■ Task item ■
Retype the lines of the material below, exactly and only, from the one containing "Love Moschino CROCHET" through the last line, with pictures left out.

■ Data provided ■

=== Section Start ===

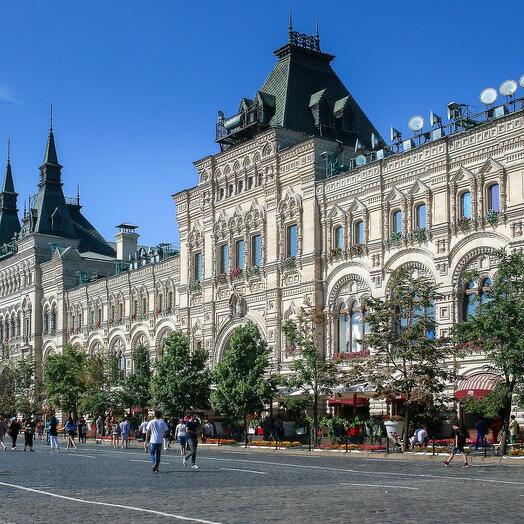 Электронный подарочный сертификат на экскурсию в ГУМ: грандиозное упоение Москвы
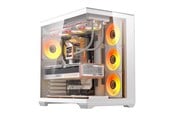 Kotelot - Darkflash C280 Computer Case + 7 Fans - Kotelot - Valkoinen - C280 WHT +7F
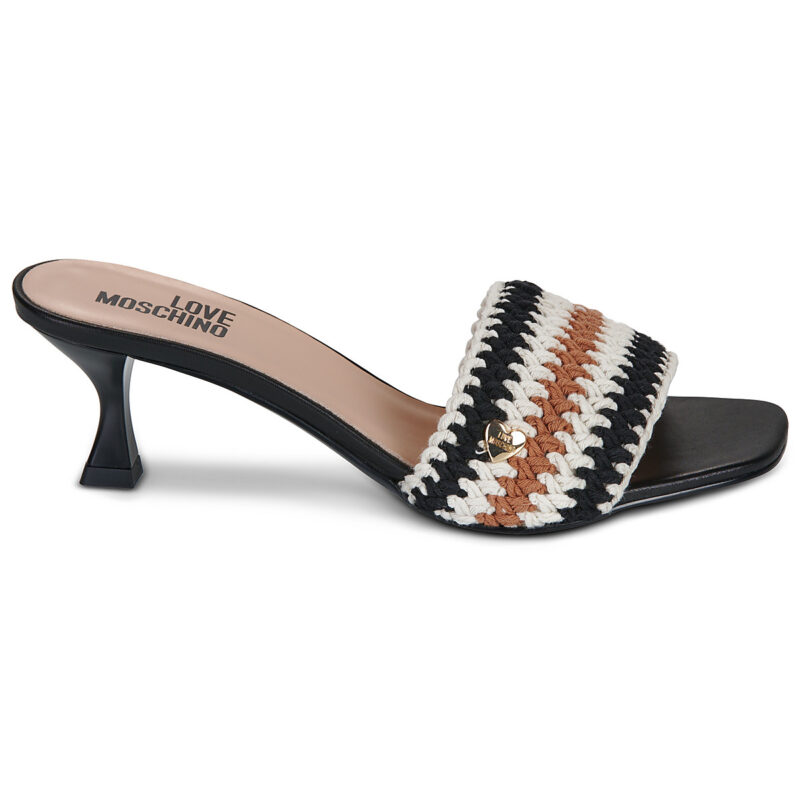 Love Moschino CROCHET LOVE-JA28225G0O Multicolore Ciabatta Donna - 2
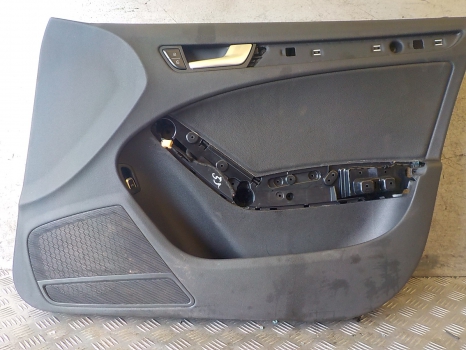AUDI A4 TDI QUATTRO SE TECHNIK E5 4 DOHC SALOON 4 Door 2013-2015 DOOR PANEL/CARD (FRONT DRIVER SIDE)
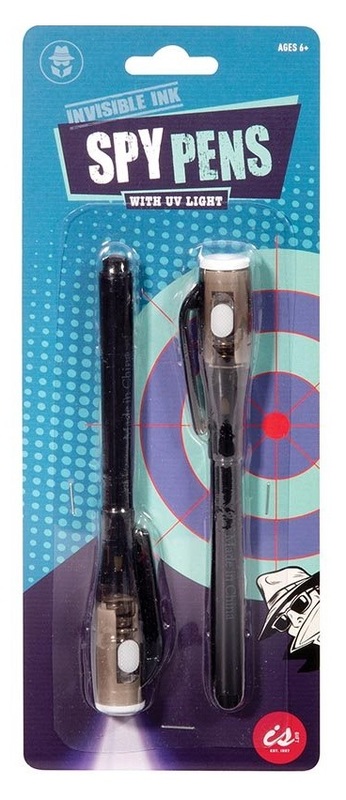 IS Gift: Invisible Ink Spy Pens – with UV Light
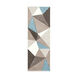 Colonie 91 X 31 inch Taupe Rug, Runner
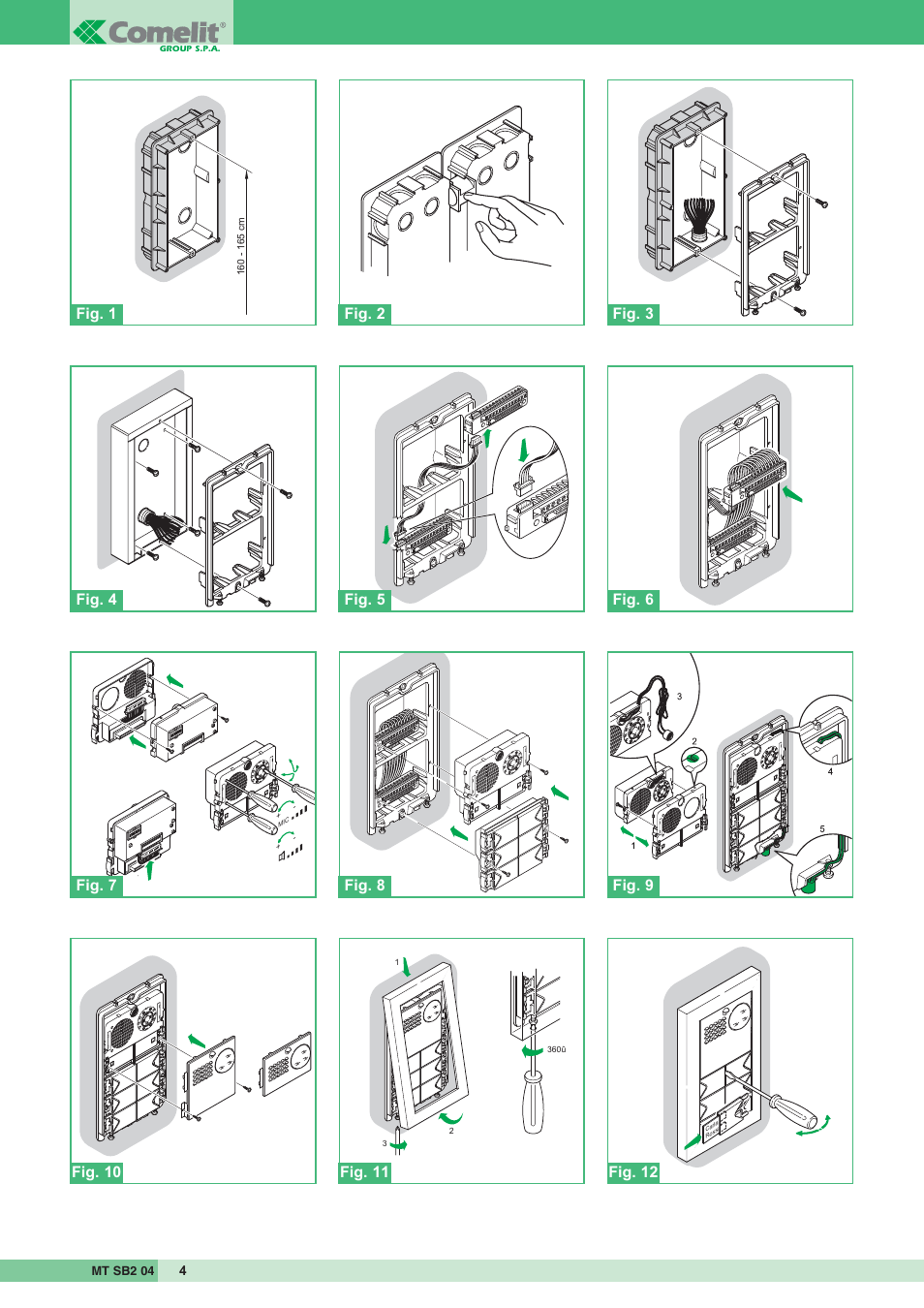 Comelit MT SB2 04 User Manual | Page 4 / 36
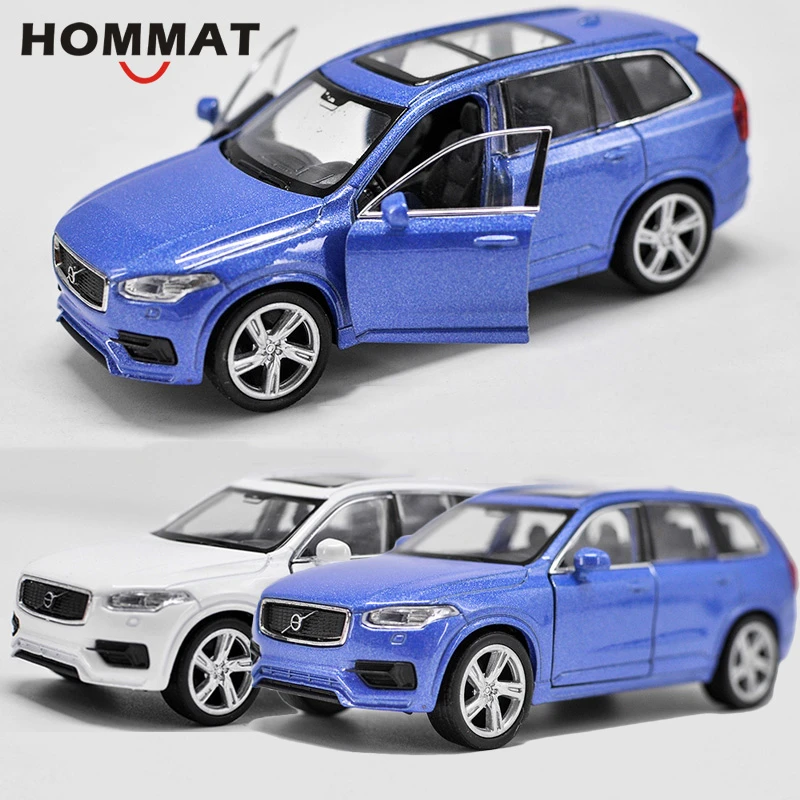 XC90 SUV Off-road 1:36 Scale Model Car Diecast Vehicle Gift Pull Back Blue Kids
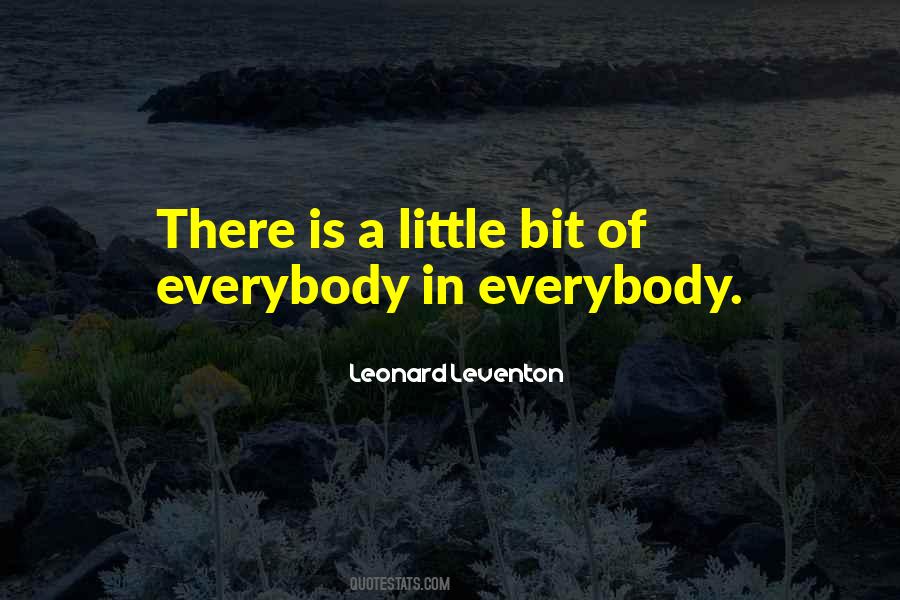 Leonard Leventon Quotes #392280
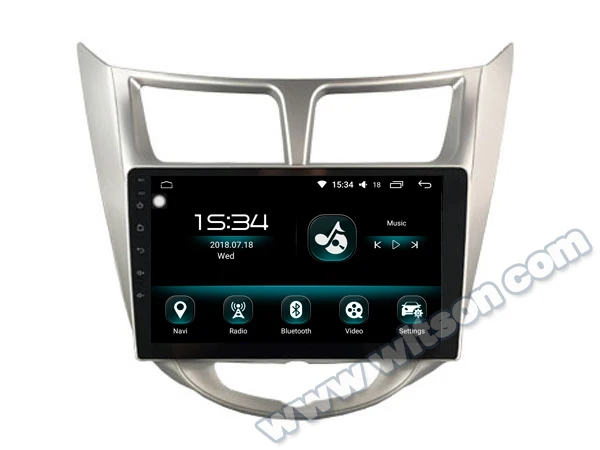 WITSON Android 8 0 Octa core 4G RAM автомобильный DVD плеер GPS для HYUNDAI VERNA/ACCENT/SOLARIS 2011 2012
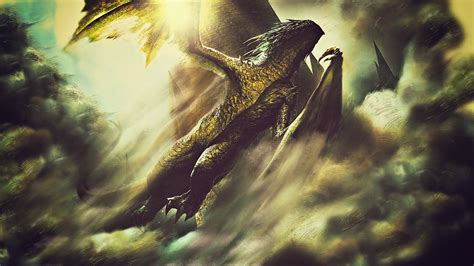 Gray dragon illustration, dragon, fantasy art, fan art, artwork HD ...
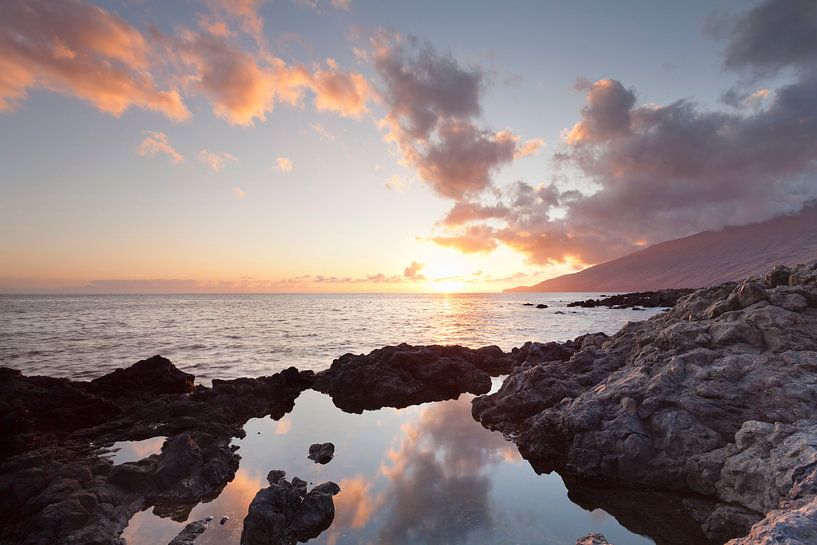 Coast at sunset, Canary Islands, Spain by Markus Lange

=== Section End ===

■ Exercise response ■
 Love Moschino CROCHET LOVE-JA28225G0O Multicolore Ciabatta Donna - 2
AUDI A4 TDI QUATTRO SE TECHNIK E5 4 DOHC SALOON 4 Door 2013-2015 DOOR PANEL/CARD (FRONT DRIVER SIDE)
 IS Gift: Invisible Ink Spy Pens – with UV Light
 Colonie 91 X 31 inch Taupe Rug, Runner
 Comelit MT SB2 04 User Manual | Page 4 / 36
 XC90 SUV Off-road 1:36 Scale Model Car Diecast Vehicle Gift Pull Back Blue Kids
 Leonard Leventon Quotes #392280
 WITSON Android 8 0 Octa core 4G RAM автомобильный DVD плеер GPS для HYUNDAI VERNA/ACCENT/SOLARIS 2011 2012
 Gray dragon illustration, dragon, fantasy art, fan art, artwork HD ...
 Coast at sunset, Canary Islands, Spain by Markus Lange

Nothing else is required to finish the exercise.